> **Directions**
The line containing "Com obras do" marks the end: output every line of the data up to it, and that line too, exactly as written.

(Entries taken from a collection)
= = =

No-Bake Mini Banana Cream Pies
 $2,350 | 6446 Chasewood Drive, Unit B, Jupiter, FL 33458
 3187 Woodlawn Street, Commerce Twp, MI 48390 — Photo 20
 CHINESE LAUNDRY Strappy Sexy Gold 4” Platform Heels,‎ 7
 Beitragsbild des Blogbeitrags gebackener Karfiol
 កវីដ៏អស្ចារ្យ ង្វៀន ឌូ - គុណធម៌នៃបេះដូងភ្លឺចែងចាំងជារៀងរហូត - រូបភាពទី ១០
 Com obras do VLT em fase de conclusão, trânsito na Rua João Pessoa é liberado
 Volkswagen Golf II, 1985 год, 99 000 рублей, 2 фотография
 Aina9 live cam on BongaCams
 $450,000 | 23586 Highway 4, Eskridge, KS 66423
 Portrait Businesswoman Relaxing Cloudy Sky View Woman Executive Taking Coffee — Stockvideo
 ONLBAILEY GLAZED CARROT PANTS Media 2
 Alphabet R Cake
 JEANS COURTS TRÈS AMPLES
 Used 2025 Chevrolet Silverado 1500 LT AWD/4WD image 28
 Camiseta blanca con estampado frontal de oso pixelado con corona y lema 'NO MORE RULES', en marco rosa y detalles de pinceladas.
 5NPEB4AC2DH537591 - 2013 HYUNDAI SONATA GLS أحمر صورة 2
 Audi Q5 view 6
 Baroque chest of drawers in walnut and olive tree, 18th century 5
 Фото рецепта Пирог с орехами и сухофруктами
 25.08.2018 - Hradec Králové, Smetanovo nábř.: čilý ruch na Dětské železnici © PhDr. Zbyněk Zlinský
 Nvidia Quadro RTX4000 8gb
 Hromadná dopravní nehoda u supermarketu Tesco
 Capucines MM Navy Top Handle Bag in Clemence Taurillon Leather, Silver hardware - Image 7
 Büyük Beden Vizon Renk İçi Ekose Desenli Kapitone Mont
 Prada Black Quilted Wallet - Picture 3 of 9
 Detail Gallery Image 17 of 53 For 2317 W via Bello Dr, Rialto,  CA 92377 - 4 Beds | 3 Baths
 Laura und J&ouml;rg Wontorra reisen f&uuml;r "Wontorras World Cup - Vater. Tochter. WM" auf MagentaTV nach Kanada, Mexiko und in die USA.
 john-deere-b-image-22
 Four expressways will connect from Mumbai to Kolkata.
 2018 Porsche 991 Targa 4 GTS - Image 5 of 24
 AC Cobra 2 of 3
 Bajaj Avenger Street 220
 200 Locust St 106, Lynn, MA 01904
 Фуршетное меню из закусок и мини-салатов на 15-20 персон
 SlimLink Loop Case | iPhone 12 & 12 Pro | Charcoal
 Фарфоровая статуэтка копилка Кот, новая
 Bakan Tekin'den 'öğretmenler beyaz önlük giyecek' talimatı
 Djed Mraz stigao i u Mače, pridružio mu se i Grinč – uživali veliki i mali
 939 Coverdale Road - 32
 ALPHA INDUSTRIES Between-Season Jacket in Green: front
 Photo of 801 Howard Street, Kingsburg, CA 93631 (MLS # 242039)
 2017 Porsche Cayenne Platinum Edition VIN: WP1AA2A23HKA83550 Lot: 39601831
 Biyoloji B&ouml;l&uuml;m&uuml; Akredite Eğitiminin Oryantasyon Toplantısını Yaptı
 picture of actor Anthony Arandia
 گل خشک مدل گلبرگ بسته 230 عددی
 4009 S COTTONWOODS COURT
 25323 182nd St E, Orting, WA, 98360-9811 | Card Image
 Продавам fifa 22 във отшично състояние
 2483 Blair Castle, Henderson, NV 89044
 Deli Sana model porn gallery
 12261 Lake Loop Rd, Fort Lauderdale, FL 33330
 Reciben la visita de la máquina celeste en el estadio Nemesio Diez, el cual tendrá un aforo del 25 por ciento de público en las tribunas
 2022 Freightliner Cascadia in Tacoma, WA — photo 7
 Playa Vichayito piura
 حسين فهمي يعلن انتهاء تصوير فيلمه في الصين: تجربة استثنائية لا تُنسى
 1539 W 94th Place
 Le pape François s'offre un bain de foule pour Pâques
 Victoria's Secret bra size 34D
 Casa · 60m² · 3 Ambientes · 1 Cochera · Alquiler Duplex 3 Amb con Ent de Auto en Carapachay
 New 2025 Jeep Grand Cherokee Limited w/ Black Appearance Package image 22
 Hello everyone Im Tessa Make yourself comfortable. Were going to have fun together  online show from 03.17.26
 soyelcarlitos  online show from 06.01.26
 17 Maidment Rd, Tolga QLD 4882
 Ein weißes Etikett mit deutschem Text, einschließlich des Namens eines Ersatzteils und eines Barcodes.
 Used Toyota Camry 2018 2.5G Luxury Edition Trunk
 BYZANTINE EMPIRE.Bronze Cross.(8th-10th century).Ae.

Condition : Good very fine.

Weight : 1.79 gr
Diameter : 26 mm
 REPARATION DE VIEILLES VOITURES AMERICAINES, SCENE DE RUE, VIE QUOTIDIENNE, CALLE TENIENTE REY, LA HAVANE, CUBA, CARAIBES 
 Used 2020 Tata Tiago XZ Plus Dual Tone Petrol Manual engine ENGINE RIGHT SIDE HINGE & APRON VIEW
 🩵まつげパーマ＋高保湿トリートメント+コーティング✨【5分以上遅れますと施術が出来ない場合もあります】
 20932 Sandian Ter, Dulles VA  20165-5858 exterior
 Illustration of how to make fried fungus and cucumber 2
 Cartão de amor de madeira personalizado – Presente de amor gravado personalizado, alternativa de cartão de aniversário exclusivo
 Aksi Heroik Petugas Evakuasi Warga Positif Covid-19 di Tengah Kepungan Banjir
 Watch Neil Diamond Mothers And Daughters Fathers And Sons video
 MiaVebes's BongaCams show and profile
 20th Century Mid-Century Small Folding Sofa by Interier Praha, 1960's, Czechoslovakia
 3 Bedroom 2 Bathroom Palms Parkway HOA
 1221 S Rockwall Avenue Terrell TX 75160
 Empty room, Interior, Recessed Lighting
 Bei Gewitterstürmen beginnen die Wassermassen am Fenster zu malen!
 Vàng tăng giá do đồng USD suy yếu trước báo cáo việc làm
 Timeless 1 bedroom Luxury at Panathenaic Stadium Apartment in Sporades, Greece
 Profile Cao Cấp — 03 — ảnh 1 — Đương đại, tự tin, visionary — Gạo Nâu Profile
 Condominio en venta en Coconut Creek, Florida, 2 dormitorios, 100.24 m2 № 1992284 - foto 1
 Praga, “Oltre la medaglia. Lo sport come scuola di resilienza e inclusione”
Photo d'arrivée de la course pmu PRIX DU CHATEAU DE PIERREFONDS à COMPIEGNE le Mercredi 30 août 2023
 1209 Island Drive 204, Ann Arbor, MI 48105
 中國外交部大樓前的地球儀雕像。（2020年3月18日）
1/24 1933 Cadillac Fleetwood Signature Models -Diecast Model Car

= = =

> **Result of the task**
No-Bake Mini Banana Cream Pies
 $2,350 | 6446 Chasewood Drive, Unit B, Jupiter, FL 33458
 3187 Woodlawn Street, Commerce Twp, MI 48390 — Photo 20
 CHINESE LAUNDRY Strappy Sexy Gold 4” Platform Heels,‎ 7
 Beitragsbild des Blogbeitrags gebackener Karfiol
 កវីដ៏អស្ចារ្យ ង្វៀន ឌូ - គុណធម៌នៃបេះដូងភ្លឺចែងចាំងជារៀងរហូត - រូបភាពទី ១០
 Com obras do VLT em fase de conclusão, trânsito na Rua João Pessoa é liberado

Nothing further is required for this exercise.